Reawakening the Guyanese imagination
The griot in African culture
The griot in African culture

By Barrington Braithwaite

WHEN Gorbachev’s Perestroika and Glasnost ended communism, what was recognised in the ensuing years by Western child entertainment providers who were invited to engage that society, was that children in Russia had lost their sense of the excitement of humour; those faculties had somehow become repressed and dormant. When I read that years ago, I attributed it to the trauma of a war of extinction waged against the Russian people in the complex scenarios of WWII. But a similar war was waged against the people of Haiti. Even worse, isolation, mass media ridicule, and economic strangulation.

IMAGINATION AT WORK
Yet, they empowered themselves and prevailed in a unique way; theirs was the application of the imagination, enveloping themselves with all its colourful attributes and cosmology.
Voodoo, with its elemental philosophy and symbolic language, allowed them to define the New World through values and the value of things in respect to themselves, and for the Haitian people that worked in their interest. Thus, as a community, they endured.
In the case of Guyana, the arrival of American TV in the late 80s with its diverse and dynamic currents of mesmerizing expressions saw cinemas that once housed the small talent shows, and were a cultural experience, being allowed to die a natural death so as to allow piracy and no directive to the local TV stations to accommodate local talents as they evolved.
How could the most profound dimension of the human consciousness be allowed to whither? Culture has been the torch bearer of the human species; the first language written in the caves across continents was written by ancient graphic artists, thereby allowing us to understand origins and geography; from the Sahara to Europe, they have summoned our attention.

INDEFENSIBLE
The indictment against the neglect of the symbolic language of culture is not defensible.
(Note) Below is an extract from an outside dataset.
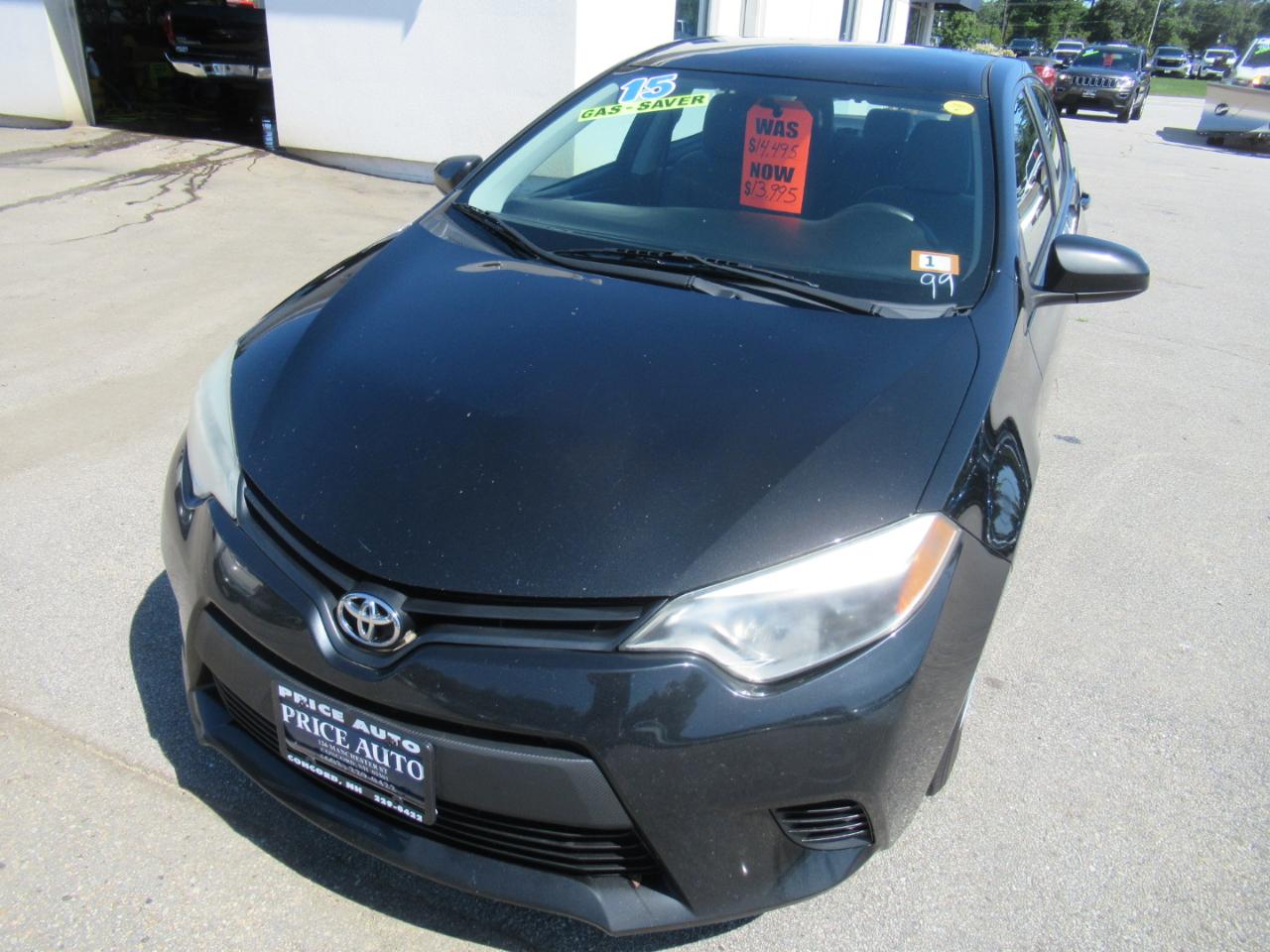 toyota corolla 2015 2T1BURHE4FC370321 image toyota corolla 2015 2T1BURHE4FC370321 image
The immense value of culture missed the religious community, because of the fossilised dictate that good is this way and not that, which does not apply to the myriad moods of the muses.
Yet, before the existence of the novel or published book, there was the Griot, Meistersinger, Dub Poet and what other names they are called among the nations.
Aesop, the Ethiopian, told his immortal tales, but none embodied the cultural gift of the storyteller like Jesus the Nazarene, whose challenge of the cultural status quo of the day was done with parables and poetry; parables like “Who among you that is without sin cast the first stone”, or the most profound metaphor in the Christian religion, “Neither shall they say, lo here! Or, lo there! For, behold, the Kingdom of God is within you” manifesting at the dawn of humanity through the Arts, and the eternal story of the Master, with his gift of talents to his Servants; talents that must be invested or else we betray the gift.

THE CHALLENGE
The challenge, for us, begins with the setting of the mood; the creation of the product, and the recognition of its value. These are not necessarily political challenges, but rather the task of enlightened foresight that require a corps with an agenda; an agenda that will not have, at this time, study space in our schools or activities in the communities at large to support it.
It has to be cultivated where the decline began; in the schools, where, in the late 1980s, popular music and ‘big sets’ went into the schools, and junior ‘bubble sessions’ took over the school’s year-end play, gymnastics, the costume skit, and the poetry and drama.
Back in the day, most school play costumes were made by the talented ‘Sewing Class’, now called ‘Clothing and Textiles’. Many of our theatre personalities started in the schools. We have unwittingly induced a generation to liquor and smut, not that there isn’t a time for everything, however, the timeline must constitute a balance between the tastes and temperament of the creative mind and the perennial passions of Bacchus.
I can recall the good intentions of Ganga Time’s Roy Brummell, whom I didn’t get to ‘ganga’ with on his recent short visit to ‘GT’.
When Brummell was involved in raising ‘Folk Festival’ at GBC, I was enthralled by his enthusiasm, as nothing was done on the 1st of August, [Freedom Day], and Folk Festival had favourable elements.
Then I felt his despair as Folk Festival morphed into a ‘Bubble Session’. I witnessed that decline; and when ACDA (African Cultural and Development Association) emerged, I was eager to spearhead the release of Freedom Day from GBC, and launch the now well-grounded Emancipation Day.
Today, the infrastructure is there, awakening the senses, another task in quick relative gaff, before we explore the movement that launched grassroot theatre in our age; no, I’m not talking yet about my brother, Harold Bascom or Grace Chapman. Linden at one time held the cultural torch. I’m talking about ‘Sam Chase, the people’s man from Pacoo Dam’; his padnos Jack Mellow, Lennox Greaves and Zeda Martindale.
Before we go there, to begin, we have to extract our minds from the comfort of the hard work of the creative people of other nations; learn from them ‘fuh real’, and begin to explore parallels of hard work done from our perspective.
This, the editors of our media, public and private, our law-makers, ‘dem nice folks’ in education, and we ourselves have to persevere, and not bury our talents.